NEW ORLEANS – Dillard University will hold its 81st Commencement on Saturday, May 13, at 8 a.m., on the historic Avenue of the Oaks. The University will confer more than 160 undergraduate degrees that day.
“Janelle Monáe’s significant accomplishments in music and particularly, film and STEM, both signature programs here at Dillard, along with her activism made her the ideal person to deliver a timely message to our graduates,” President Walter M. Kimbrough, Ph.D., said. So for more than a year, he pursued Monáe for the University’s commencement speaker. Kimbrough tracked her down going through magazine reporters, record companies, and finally the national president of Alpha Kappa Alpha Sorority, Inc., to get her here. He said: “I believe this is her first commencement speech and we are very excited to see this day come.”
Immersed in the performing arts at a young age, she founded her record label the Wondaland Arts Society releasing the EP “Metropolis: Suite I (The Chase).” In 2010 Monáe released the highly anticipated and critically acclaimed “ArchAndroid,” which earned her two Grammy nominations, including one for the hit single “Tightrope.” In 2013 she released her highly-acclaimed album “The Electric Lady” which marked her highest first week debut in the Billboard Top 200 Chart. The album’s first single “Q.U.E.E.N.” garnered rave reviews and the accompanying video received a coveted MTV VMA Moonman. In February of 2015 Monáe launched her very own label, Wondaland Records.

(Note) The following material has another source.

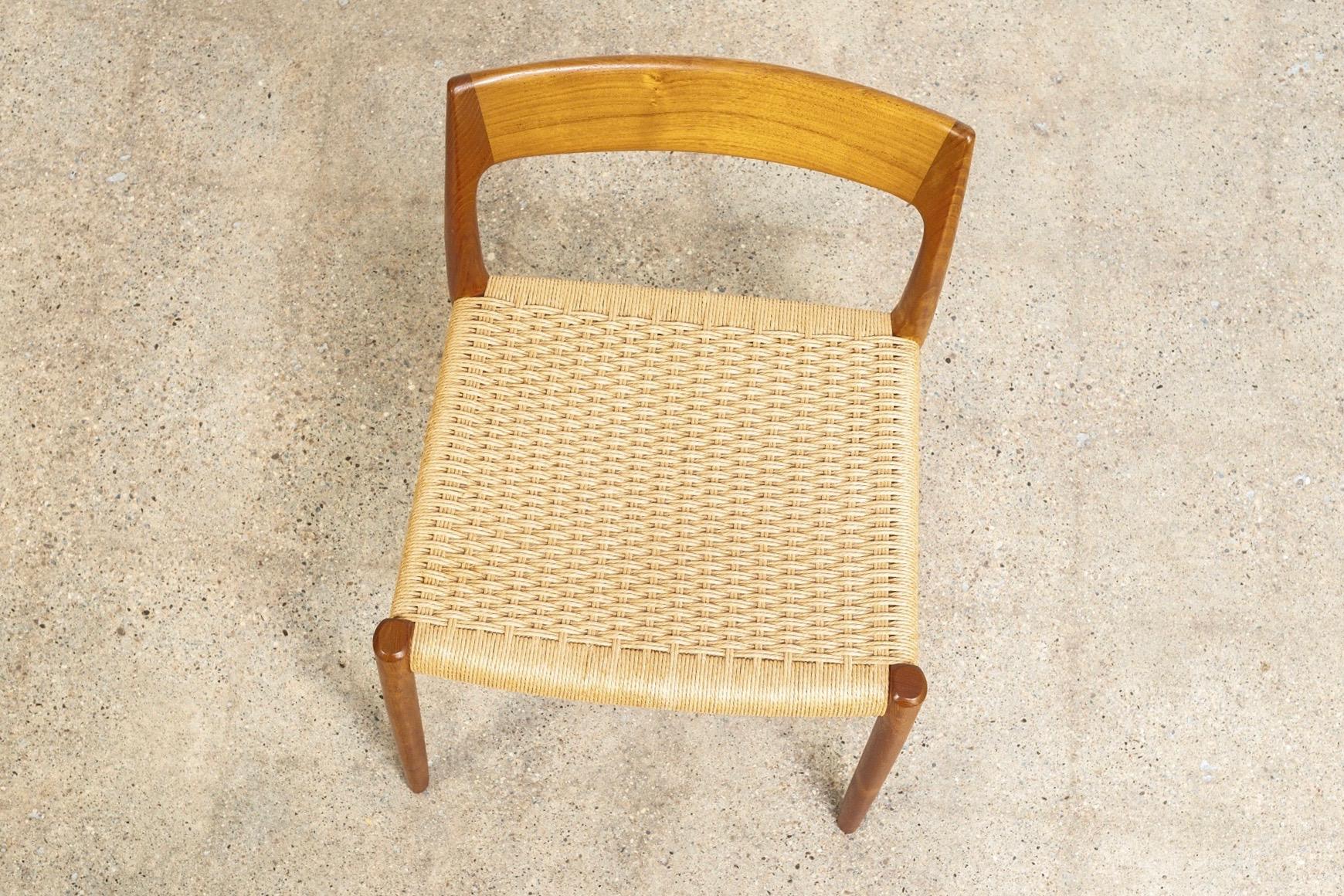 Midcentury Danish Modern Niels Møller Teak and Danish Cord Dining Chair, 1960s 4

As 2016 closed, Monáe took her talent to the silver screen, starring as a lead actor in the dramas Hidden Figures and Moonlight. Both films earned Oscar nominations for Best Picture, with Moonlight winning the award at the 89th Academy Awards. Hidden Figures centers around the true story of three African-American women who work for NASA and help make John Glenn the first person to orbit the Earth in 1962. The film also stars Octavia Spencer, Taraji P. Henson, and Kevin Costner. Hidden Figures won a Screen Actors Guild Award for Outstanding Performance by a Cast in a Motion Picture. Moonlight, produced by Brad Pitt’s Plan B Entertainment and A24, chronicles the coming-of-age of Chiron (Ashton Sanders, Trevante Rhodes), a young man facing an uphill battle with his sexuality during Miami’s turbulent war-on-drugs era in the 1970s.Moonlight also stars Naomie Harris, André Holland and Mahershala Ali.
Monáe hasn’t allowed her fame to silence her from being vocal on injustices. Conversely, Monáe has used fame as a platform and her political activism is well-documented. During a 2015 performance on NBC’s “Today,” Monáe performed her protest song “Hell You Talmbout.” Last February, Monáe performed at a concert in Flint, Mich., to raise money for the city’s recent water crisis. In January, after the most recent presidential election, she spoke and performed at the Women’s March on Washington that drew a record-breaking crowd.
Using Hidden Figures as a catalyst, Monáe has become an advocate for STEM, and in an interview with Teen Vogue she said: “I hope we see more girls from all backgrounds working in STEM [science, technology, engineering, mathematics] as a result of it being on-screen.”